We obtained the transcript of the cystatin-like molecule, which showed high expression levels in both blood-fed and starved PRMs, from the dataset of our RNA-Seq analysis [19] and designated the transcript as Dg-Cys. We did not observe any significant difference in the expression of Dg-Cys between the two feeding states of PRMs (Supplementary Table S1). We performed 5′ and 3′ RACE analyses to reveal that the full-length cDNA was 669 bp, and the ORF was 423 bp, encoding a 140 amino-acid protein. The deduced amino acid sequence of Dg-Cys contained a putative signal peptide in positions 1–29 and a cystatin-conserved site at positions 85–98 (Figure 1A). Phylogenetic analysis using cystatins from chickens, mammals, ticks, and mites revealed that Dg-Cys formed a distinct cluster, but was closer to secreted cystatins (cystatin 2, cystatin C) rather than intracellular ones (stefin, cystatins A and B) (Figure 1B).

Figure 1

Cloning of a cystatin-like molecule from Dermanyssus gallinae. (A) Nucleotide and deduced amino acid sequences of cDNA encoding a D. gallinae cystatin-like molecule (Dg-Cys). Putative signal peptide sites were underlined, and the cystatin-conserved site was boxed. (B) A phylogenic tree based on the deduced amino acid sequence of Dg-Cys. The tree was built with the maximum likelihood method using the MEGA X software [20]. Numbers indicate bootstrap percentage (1000 replicates). The scale indicates the divergence time. *Stop codon.

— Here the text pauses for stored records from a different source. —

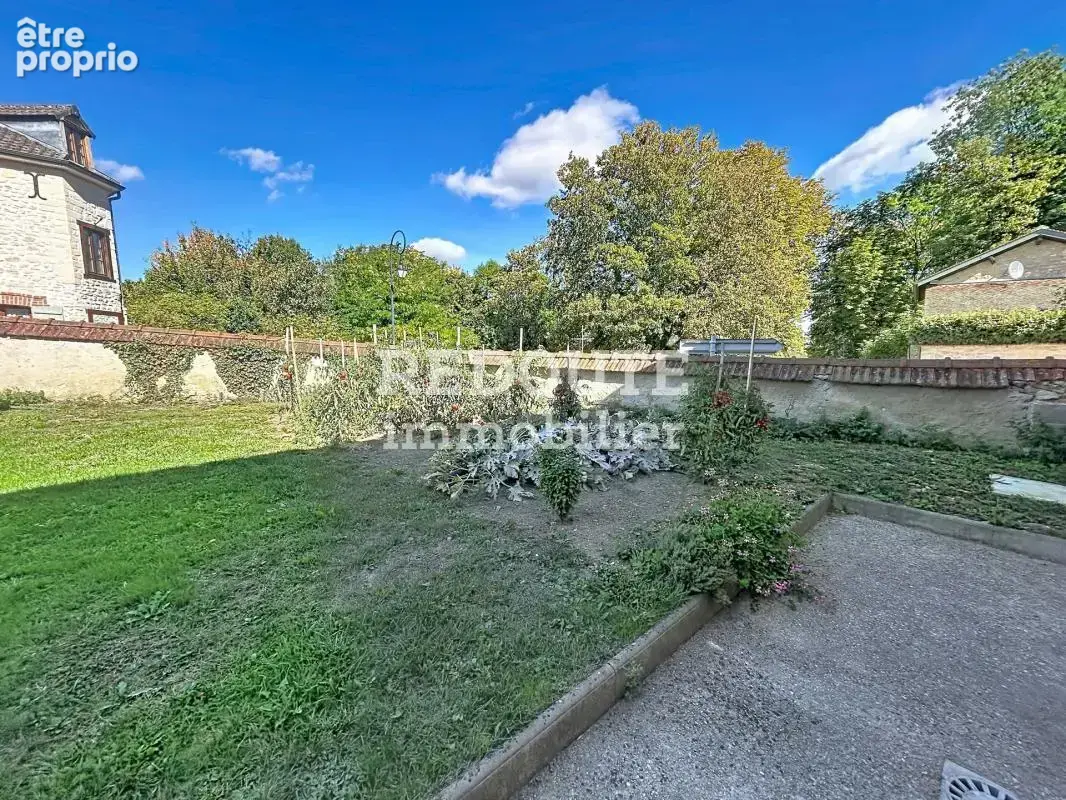 Maison 6 pièces familiale avec cour et jardin - Reims Rosnay - photo 14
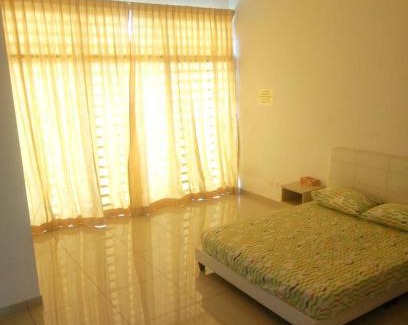 George Town House | Penang holiday villa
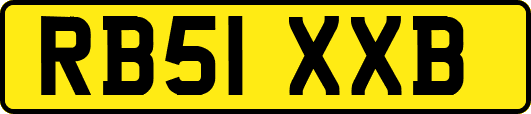 RB51XXB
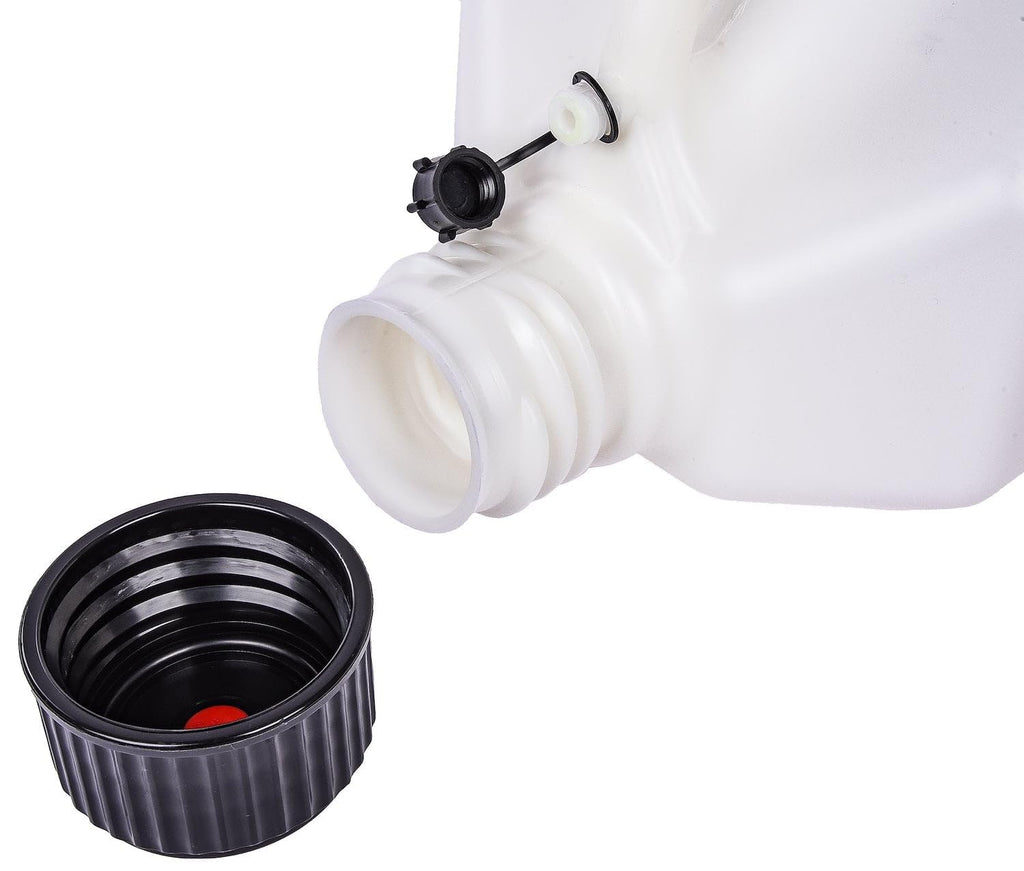 5-Gallon Jug White L89002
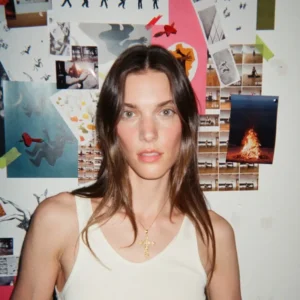 imagen de Charlotte Cardin en directo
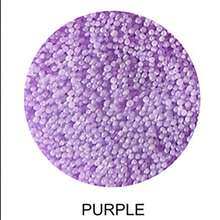100g Bulk Sand Wax For Candle Making, Multi-Color Drip-Free Smokeless Wax Beads, Suitable For DIY Handmade Candles, Home Decor, Party Favors - 100g Multi-colored Sand Wax - View 25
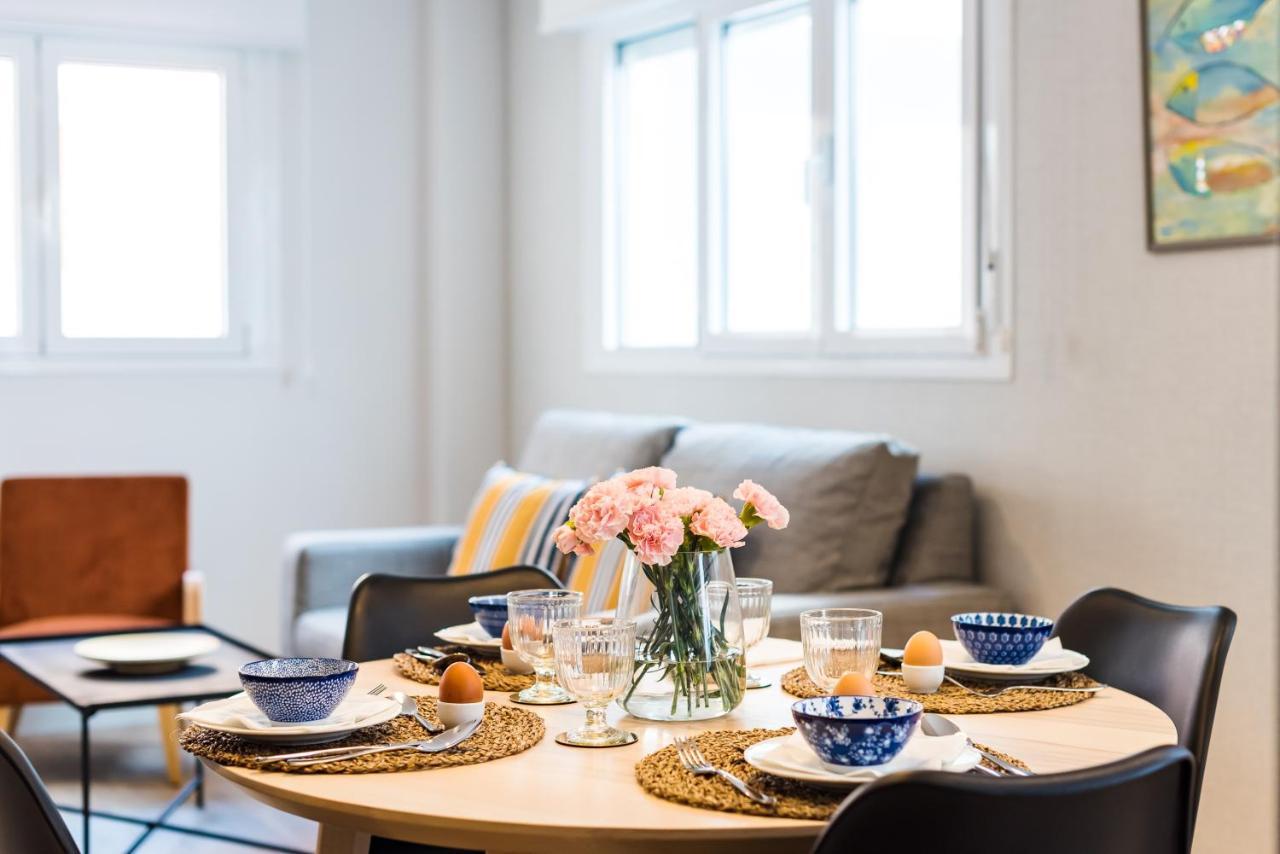 Treetriana Apartment Seville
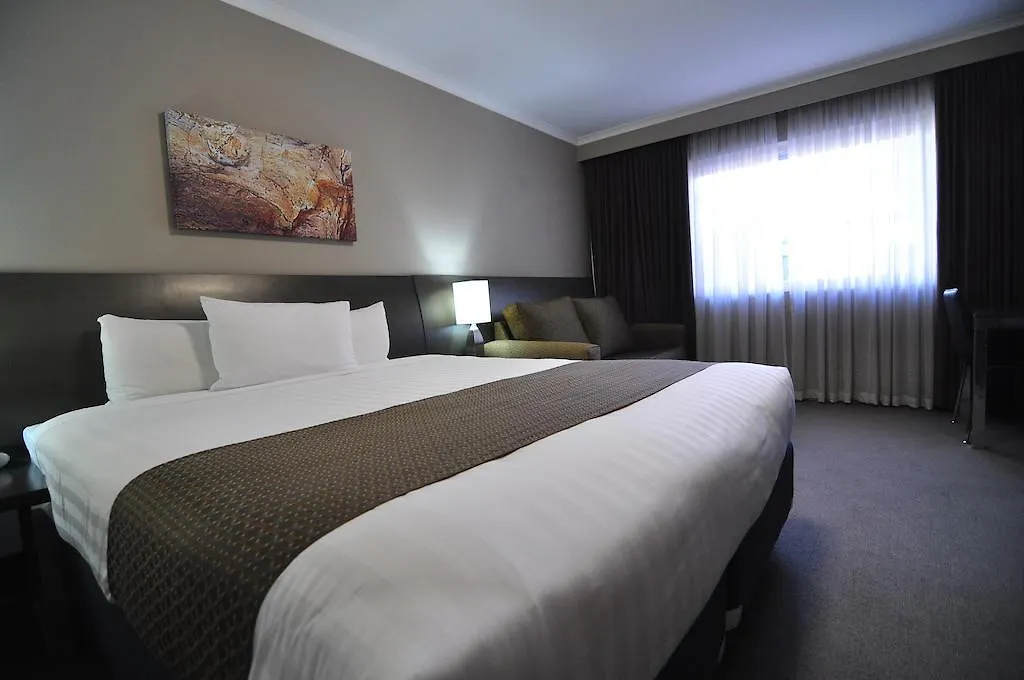 Pavilion On Northbourne Canberra Hotel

3.2. Dg-Cys Expression Profile

To investigate the gene expression profiles of Dg-Cys, we first analyzed the expression of Dg-Cys mRNA at different life-stages. Real-time reverse transcription polymerase chain reaction (RT-PCR) and real-time quantitative RT-PCR analyses revealed that Dg-Cys mRNA was expressed in all life stages, except in eggs, and was detected regardless of the feeding state (Figure 2A,B and Figure S3). Moreover, the expression analysis of Dg-Cys in the midgut, salivary glands, and ovaries by LCM and RT-PCR/nested PCR showed that Dg-Cys was clearly expressed in the midgut and ovaries, whereas Dg-Cys was not detectable in the salivary glands (Figure 2C and Figure S3).

Figure 2

Gene expression analysis of Dg-Cys. Dg-Cys expression was examined by RT-PCR/nested PCR at each life-stage and blood-feeding state (A), and in different tissues of PRMs (C). Elongation factor 1-alpha 1-like gene (Ef1a1) was amplified as an internal control. (B) Real-time quantitative RT-PCR was performed to quantify the gene expression of Dg-Cys at each life-stage and blood-feeding state of PRMs. The extent of Dg-Cys expression was calculated by dividing the copy numbers of Dg-Cys by those of Elf1a1. Each experiment was repeated four times and error bars indicate SEM. Statistical analyses were performed using Steel–Dwass test. N.S.: not significant. (C) The expression of Dg-Cys in the midguts and ovaries was analyzed by RT-PCR, and the expression in the salivary glands was analyzed by RT-nested PCR.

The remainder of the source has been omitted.